Żona polityka PiS na gali Fame MMA. Poskarżyła się na jeden szczegół

Agnieszka Miastowska
12 lutego 2024, 09:40 • 1 minuta czytania
Marianna Schreiber wiele razy podkreślała, że jest zagorzałą przeciwniczką gal typu "freak fight". Chwaliła się nawet, że miała propozycję, którą odrzucała. Do czasu. Wreszcie żonę polityka PiS-u mogliśmy zobaczyć w oktagonie, a teraz dodała zdjęcie, na którym stoi na widowni Fame MMA. W opisie skarży się na brak plakatów ze swoją podobizną.
Marianna Schreiber na gali Fame MMA. Skarżyła się na brak plakatów ze sobą screen Twitter @MSchreiberM

Marianna Schreiber na Fame MMA

Sobota 10 lutego była ważnym dniem dla miłośników show typu freak fight. Tego dnia w Krakowie odbyła się bowiem jubileuszowa gala Fame MMA 20. Widzką na tym wydarzeniu była Marianna Schreiber, która na swoich mediach społecznościowych pochwaliła się zdjęciem w białej, obcisłej sukience na trybunach.

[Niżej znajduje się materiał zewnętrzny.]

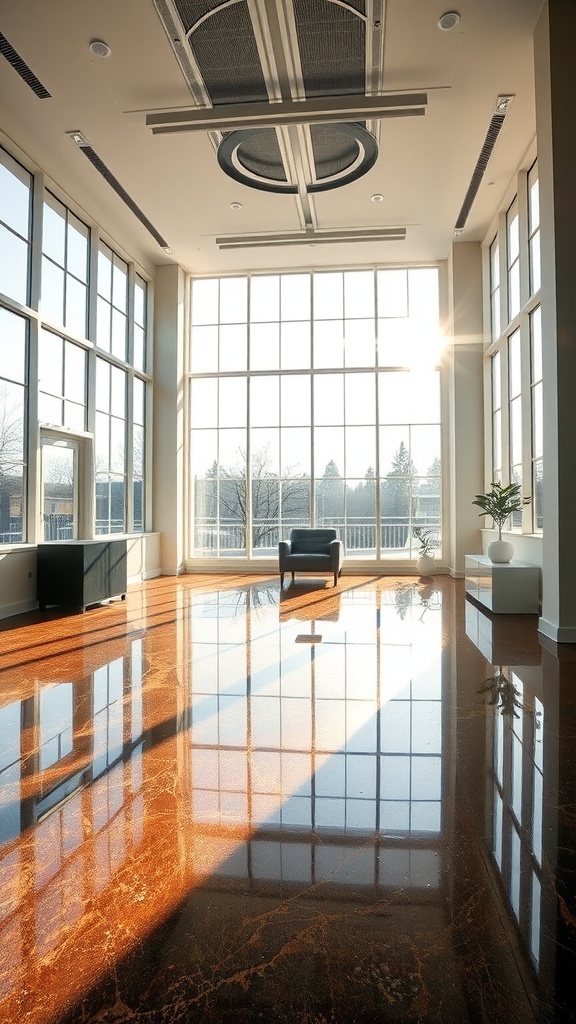 A bright room with large windows showcasing gold and black epoxy flooring, a black chair, and a potted plant.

Jeśli widok żony konserwatywnego polityka PiS-u na gali MMA z udziałem celebrytów kogoś dziwi, to tylko osoby, które nie wiedzą, że sama Marianna miała już okazję bić się w oktagonie. Mimo że kiedyś była przeciwniczką podobnego rodzaju show, przekonała ją propozycja od Clout MMA.

Zadebiutowała w piątek 29 grudnia. Na gali Clout MMA 3: Santa Clout, gdzie pokonała nazwaną "Najlepszą Polską Dziennikarką" Monikę Laskowską.

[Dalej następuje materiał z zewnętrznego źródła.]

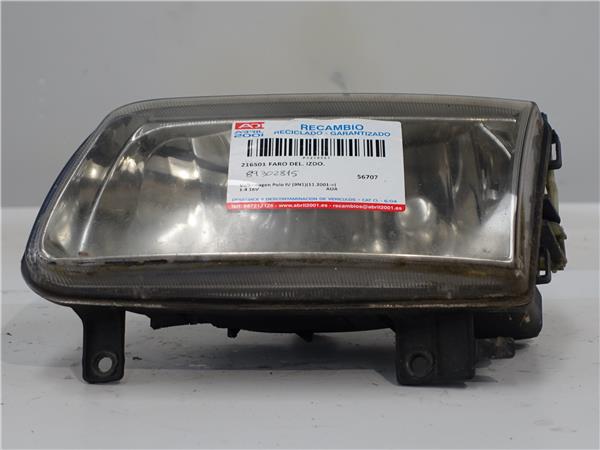 FARO DEL. IZDO. Volkswagen polo iv (9n1)(11.2001->) 1.4 16V AUA 89302815 AZUL Bombillas Delanteras delanteros Izquierdas izquierdos Lámparas luces Luz Pilotos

Sobotnią galę Marianna Schreiber podziwiała jedynie jako obserwatorka, czym chętnie się chwaliła. Zdjęcie opatrzyła jednak opisem pełnym pretensji.

"Gdzie są plakaty? Gdzie są moje podobizny? Jestem załamana. To nie tak powinno wyglądać. Potencjał w Krakowie jest, ale bez moich plakatów – mały niesmak pozostanie ze mną na długo" – napisała Marianna Schreiber.

Warto jednak podkreślić, że w swoich ostatnich wywiadach Marianna Schreiber nieustannie posługuje się ironią, czy jak sama mówi "satyrą, której ludzie nie odróżniają od prawdy".

Takimi słowami skomentowała również swoją niedawną rozmowę z Gońcem.pl, w której mówiła, że pragnie upodobnić się do swojej przyjaciółki Fagaty a jej piosenki (wulgarne o tematyce seksu) powinny być puszczane dzieciom. Mówiła również, że za pieniądze z Clout nie kupi sobie Ferrari, chociaż "zależy jeszcze, który rocznik".

Bardzo możliwe więc, że komentarz żony polityka PiS-u był kolejnym żartem w tym stylu. Co ciekawe, Marianna pochwaliła się obserwatorom, ile kosztowała jej sukienka, także parafrazując słowa piosenki Fagaty – "mam na sobie outfit 7 koła".

"Mam na sobie outfit – 300 zł" – zaczęła post na Twitterze Schreiber, by zaraz wyjaśnić, co myśli o chwaleniu się drogimi strojami.

"W życiu naprawdę nie musisz grać pozera. Drogie ubrania najczęściej są dla ludzi, których na nie nie stać, i po to by inni otwierali oczy na to, co mają. Ja wolę, żeby otwierali oczy na to kim jestem. Dzień dobry" – napisała na Twitterze Schreiber.